SearchLVLMs: A Plug-and-Play Framework for Augmenting Large Vision-Language Models by Searching Up-to-Date Internet Knowledge
Chuanhao Li, Zhen Li, Chenchen Jing, Shuo Liu, Wenqi Shao, Yuwei Wu,, Ping Luo, Yu Qiao, Kaipeng Zhang

TL;DR
SearchLVLMs is a flexible framework that enhances large vision-language models with up-to-date internet knowledge for visual question answering, addressing their static knowledge limitations.
Contribution
The paper introduces a plug-and-play hierarchical filtering framework and a new dataset for augmenting LVLMs with real-time internet knowledge during inference.
Findings
Outperforms GPT-4V by approximately 25% in accuracy on VQA tasks.
Effectively retrieves relevant up-to-date information from the internet.
Provides a scalable solution for real-time knowledge augmentation in LVLMs.
Abstract
Large vision-language models (LVLMs) are ignorant of the up-to-date knowledge, such as LLaVA series, because they cannot be updated frequently due to the large amount of resources required, and therefore fail in many cases.

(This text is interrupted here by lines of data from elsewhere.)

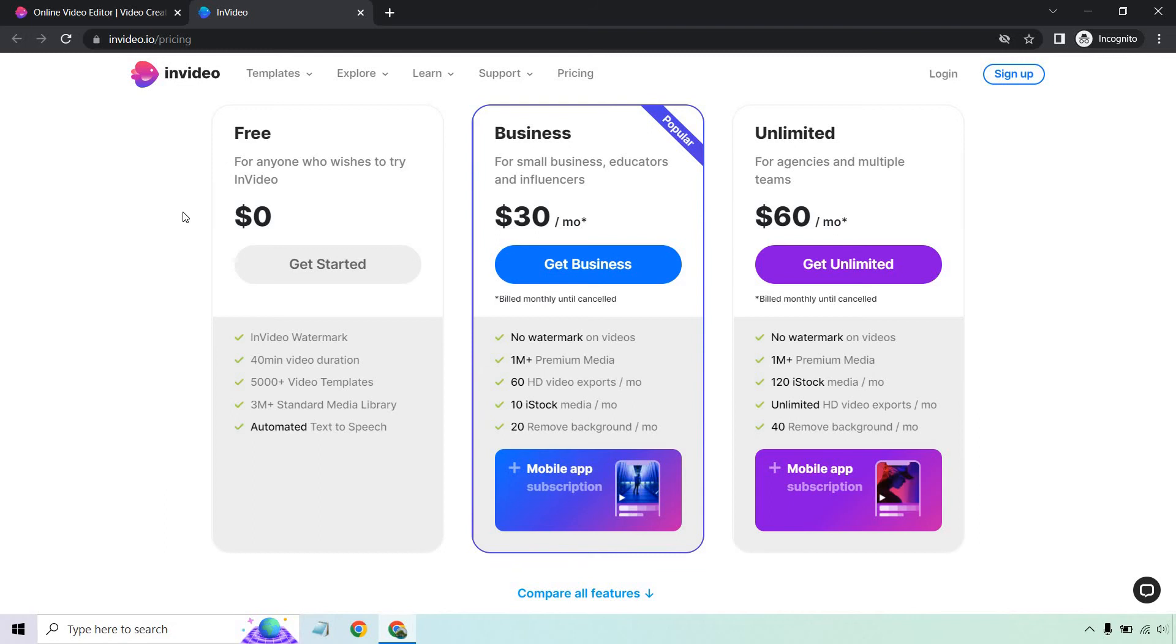So answering the question, is InVideo free or paid? It's both. They offer the free plan for that. And if you want to upgrade, get some better perks, overall create better videos, that's where the paid plans are going to be for.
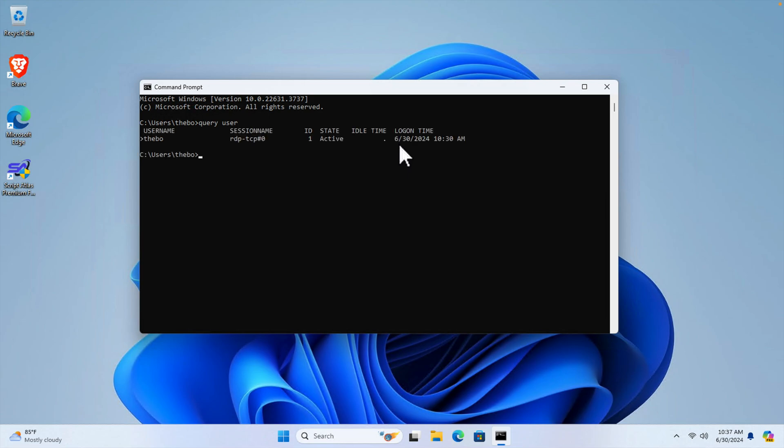Then we will see the username of this Windows 11 computer is here. So this part is the username. So let's verify it.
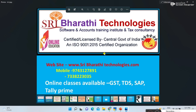Welcome to Shri Barati Technologies Software and Accounting Training Institute YouTube channel. I am Barati. In this institution we explain all software, accounts, and taxation courses practically, including certified courses like GST, TDS, SAP, Tally Prime, Income Tax, ESI/PF, HR and Payroll, Advanced Excel, and more. If you want to learn, please call this number for details.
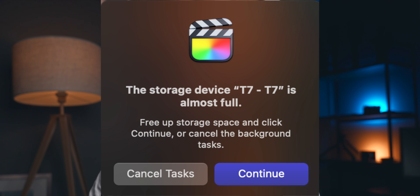Speaking of taking up too much hard drive space, there's one other issue that tends to happen a lot to Final Cut Pro users — a dreaded message that keeps coming up. To figure out how to solve that problem, go ahead and click this video right here and I'll see you in the next one.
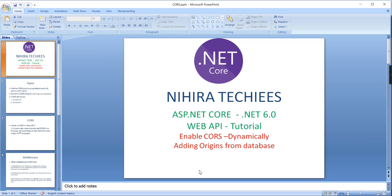Hey guys, good morning, welcome to Nigra Techies. This is our ASP.NET Core tutorial version 6.0. In this video, I am going to explain how to enable CORS and how to enable CORS dynamically by adding origins from databases.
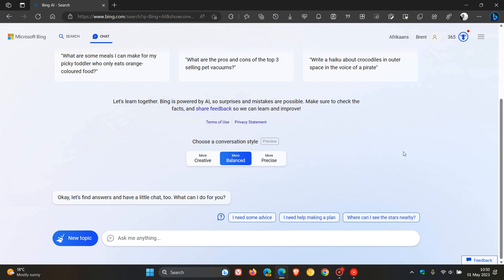And they give an example where the chatbot says, as an example, I'm sorry, but I prefer not to continue this conversation or it might be time to move on to a new topic. So they are rolling out improvements to reduce end-of-conversation triggers, which I think will be a nice move in the right direction.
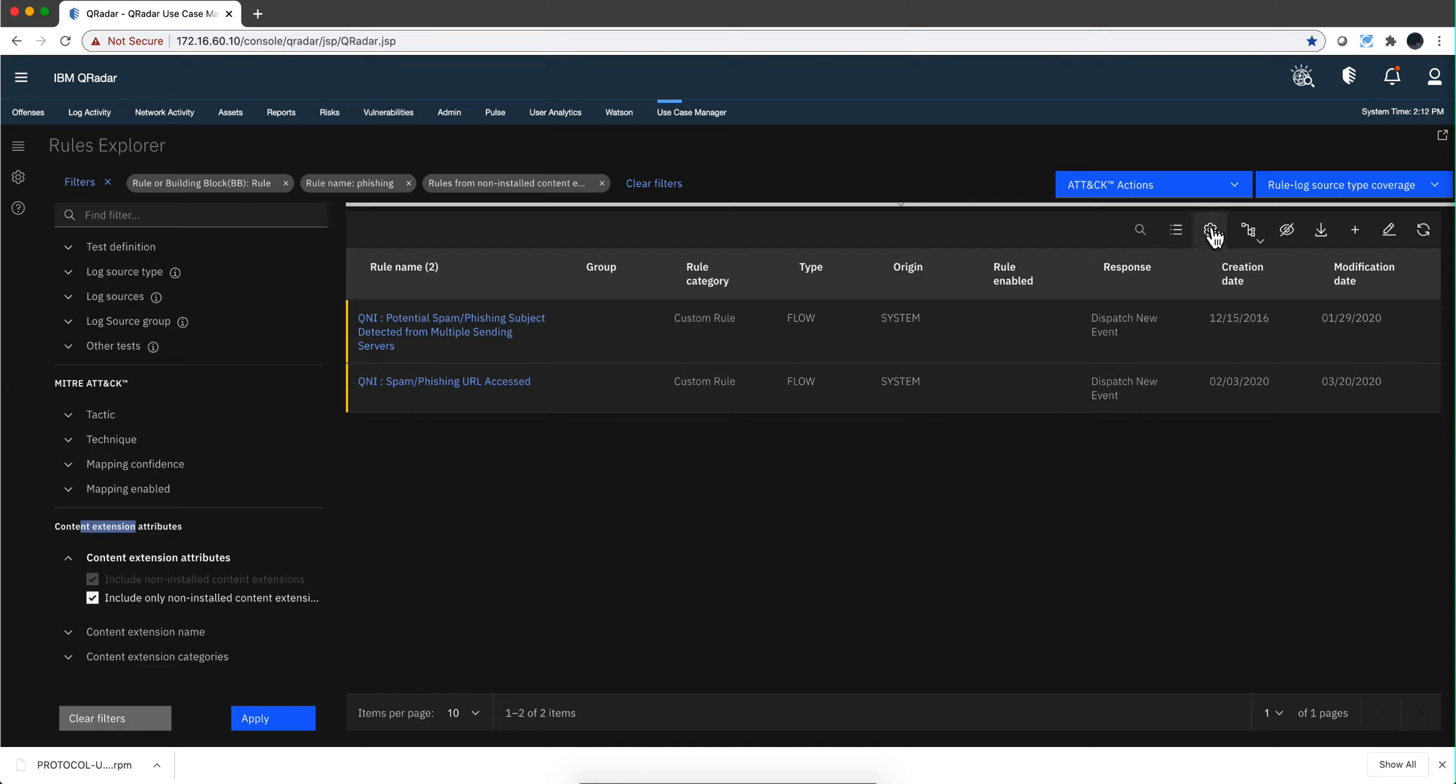And here they are. They are not installed, therefore you don't see them enabled here. You don't see the switch here enabled.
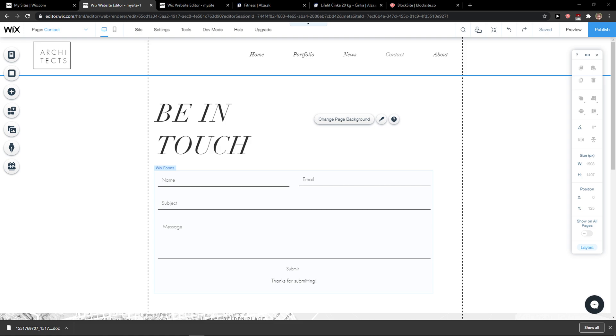Hey everybody, my name is Markus and in this video I will show you a simple way how you can create a floating menu in Wix. So let's start.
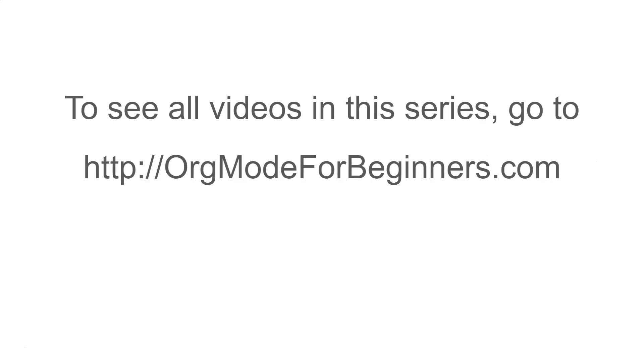To see all the videos in this series, go to orgmodeforbeginners.com.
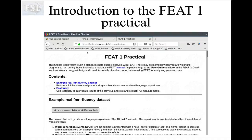Hello and welcome to this short introduction to the FEAT one practical. This is the practical where you can start analyzing your first fMRI dataset, and the dataset you're going to work with is the exact same dataset that we used as an example in the GLM talk.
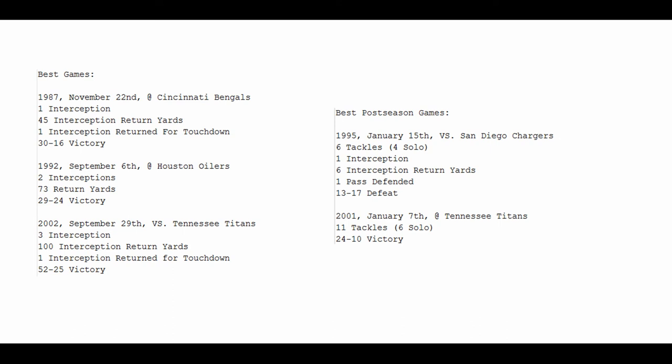2001, as a member of the great Ravens team that won the Super Bowl, he plays at the Tennessee Titans, records 11 tackles, 6 of them solo, in a 24-10 victory. Jumping on the back of the great game that Ray Lewis had in that game, and helping him drive the team to victory.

For example, if a LVLM was released on January 2024, and it wouldn't know the singer of the theme song for the new Detective Conan movie, which wasn't released until April 2024. To solve the problem, a promising solution motivated by retrieval-augmented generation (RAG) is to provide LVLMs with up-to-date knowledge via internet search during inference, i.e., internet-augmented generation (IAG), which is already integrated in some closed-source commercial LVLMs such as GPT-4V. However, the specific mechanics underpinning them remain a mystery. In this paper, we propose a plug-and-play framework, for augmenting existing LVLMs in handling visual question answering (VQA)…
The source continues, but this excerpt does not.